そう話してくださる方が、本当にたくさんいらっしゃいます。


このシリーズでは、これまで──

  • #1 膝が痛いのも、なぜか代謝

  • #2 血圧が上がるのも、代謝

  • #3 コレステロールも、代謝

  • #4 睡眠の質も、代謝

  • #5 疲れやすさも、代謝

  • #6 歯周病も、代謝

  • #7 やせ型なのに血糖が高いのも、代謝

  • #8 むくみも、代謝

  • #9 断食で不調も、代謝

  • #10 サプリが効かないのも、代謝

──と、一見バラバラに見える症状が、全部"代謝"につながっていることを見てきました。

今回のテーマは、「食事のタイミング」です。

「何を食べるか」「どれくらい食べるか」だけじゃなく、「いつ食べるか」で、血糖も体重も、実はけっこう変わるんです。

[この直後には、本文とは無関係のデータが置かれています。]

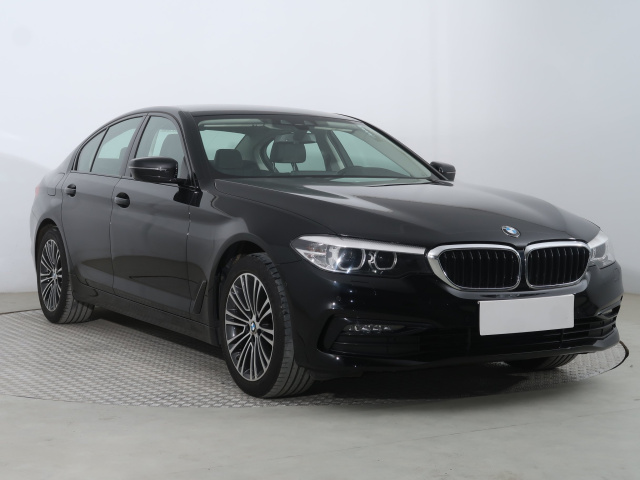 BMW 5 2019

その鍵を握っているのが、"体内時計"と"時計遺伝子"、そしてSIRT1(サーチュイン)という調整役。
今日は、このちょっと不思議な仕組みの話をしていきます。

📌 このシリーズでは、難しそうに見えるけど実は「体の仕組み=代謝」でつながっている話を、日常の疑問からひとつずつ解きほぐしていきます。


同じものを食べても、時間で血糖が違う

結論:朝食べれば上がりにくく、夜遅く食べれば跳ね上がる。同じ食事で、です。

いきなりですが、面白い実験があります。

健康な人に、朝と夜で、全く同じ食事を食べてもらう。
そうすると、食後血糖の上がり方が、まったく違うんです。

夜遅くに食べたほうが、

  • ピークが高くなる

  • 血糖が下がるのが遅くなる

  • インスリンの効きが悪くなる

同じ食事なのに、です。

これは一人の人の体の中で起きていることなので、「体質が違うから」では説明できません。時間そのものが、代謝に影響しているとしか言えないわけです。

「夜に食べると太る」という感覚的な話が、数字の上でも確かに出るんですね。


体内時計は、膵臓にもある

結論:体内時計は脳だけじゃない。膵臓・肝臓・筋肉にもある"臓器の時計"です。

「体内時計」と聞くと、多くの方は「眠くなる時間」「起きる時間」をイメージすると思います。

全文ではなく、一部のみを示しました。